*WHAT YOU WILL DO:*
The result should be an exact copy of the data, free of pictures.

(PROVIDED MATERIAL)

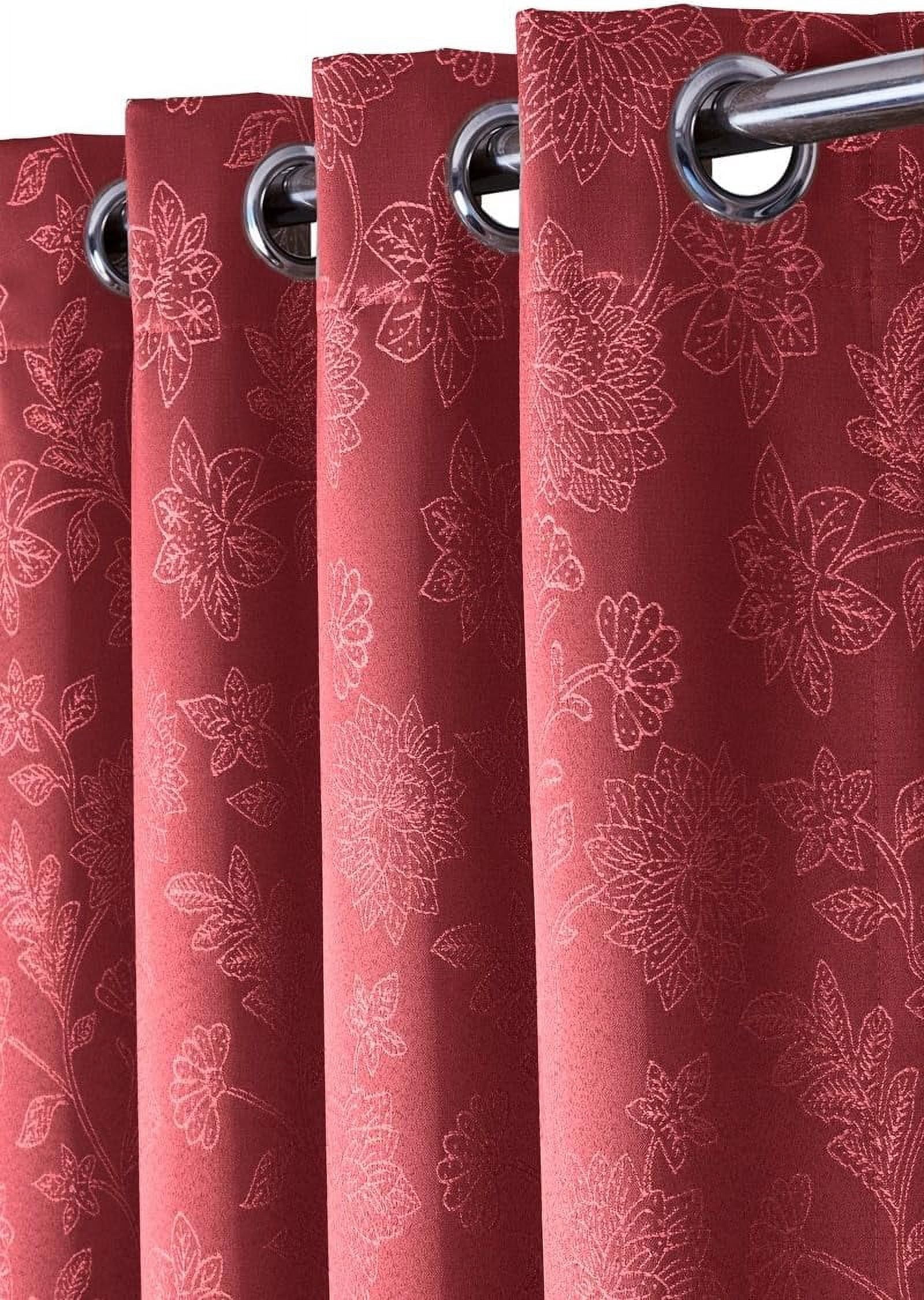Sheetsnthings Floral Fannie 54-Inch Wide x 96-Inch Long Panel, Set of 2 Jacquard Thermal Insulated Blackout Curtains, Burgundy-Red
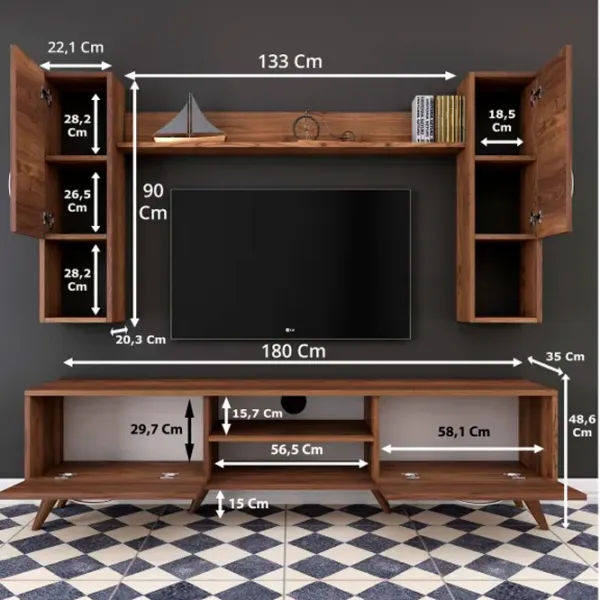 Комплекты ТВ-зона Trendy M27  180 см x 35 см x 284 см / Коричневый photo 11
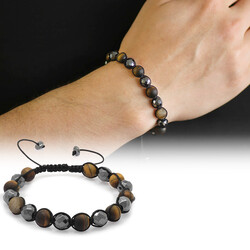 Macrame Braided Bracelet Made Of Combined Natural Stones With Matte Tiger's Eye And Hematite Cut - 1
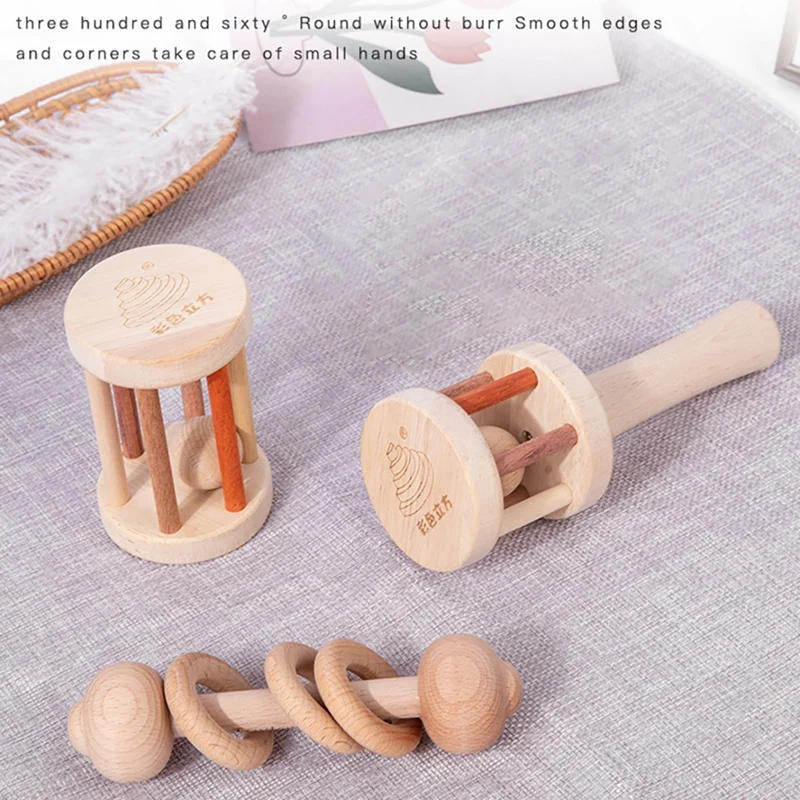 Infant Beech Solid Wood Stroller Toy Early Childhood Education Trolley Hand Rattle Early Education Wooden Comfort Toy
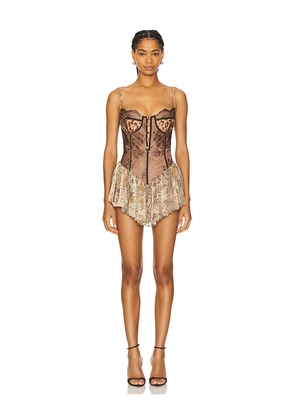 The Dolls House Roxanna Playsuit in Brown. Size XL. Also in M, S, XS.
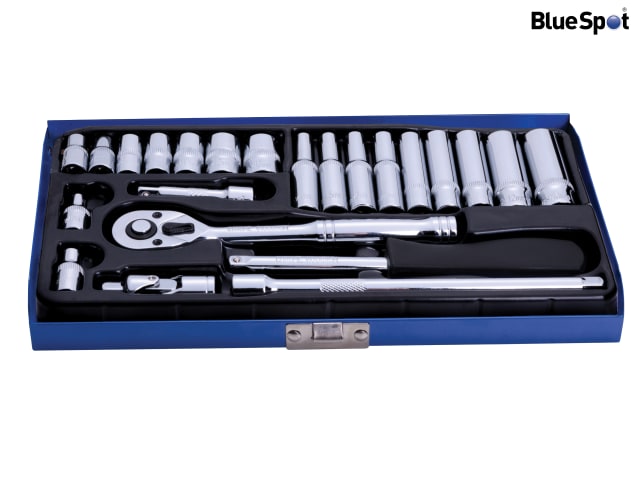 BlueSpot 24 Piece 1/4in Metric Socket Set with Ratchet and Metal Case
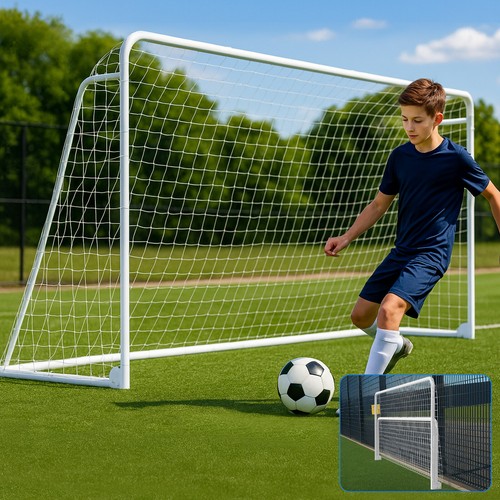 Juego de entrenamiento de fútbol Docred 12x6 pies red marco de poste de acero patio trasero - Imagen 8 de 31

(End PROVIDED MATERIAL)

*SOLUTION TO THIS PROBLEM:*
Sheetsnthings Floral Fannie 54-Inch Wide x 96-Inch Long Panel, Set of 2 Jacquard Thermal Insulated Blackout Curtains, Burgundy-Red
 Комплекты ТВ-зона Trendy M27  180 см x 35 см x 284 см / Коричневый photo 11
 Macrame Braided Bracelet Made Of Combined Natural Stones With Matte Tiger's Eye And Hematite Cut - 1
 Infant Beech Solid Wood Stroller Toy Early Childhood Education Trolley Hand Rattle Early Education Wooden Comfort Toy
 The Dolls House Roxanna Playsuit in Brown. Size XL. Also in M, S, XS.
 BlueSpot 24 Piece 1/4in Metric Socket Set with Ratchet and Metal Case
 Juego de entrenamiento de fútbol Docred 12x6 pies red marco de poste de acero patio trasero - Imagen 8 de 31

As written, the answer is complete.